> [DESCRIPTION OF THE TASK] Set down a precise copy of the whole listing.

> [DATA PROVIDED]
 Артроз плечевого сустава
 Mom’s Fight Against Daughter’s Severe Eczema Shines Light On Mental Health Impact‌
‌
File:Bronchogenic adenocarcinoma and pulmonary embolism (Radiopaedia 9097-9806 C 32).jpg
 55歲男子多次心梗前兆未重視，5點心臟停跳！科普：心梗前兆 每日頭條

> [RESULT]
 Артроз плечевого сустава
 Mom’s Fight Against Daughter’s Severe Eczema Shines Light On Mental Health Impact‌
‌
File:Bronchogenic adenocarcinoma and pulmonary embolism (Radiopaedia 9097-9806 C 32).jpg
 55歲男子多次心梗前兆未重視，5點心臟停跳！科普：心梗前兆 每日頭條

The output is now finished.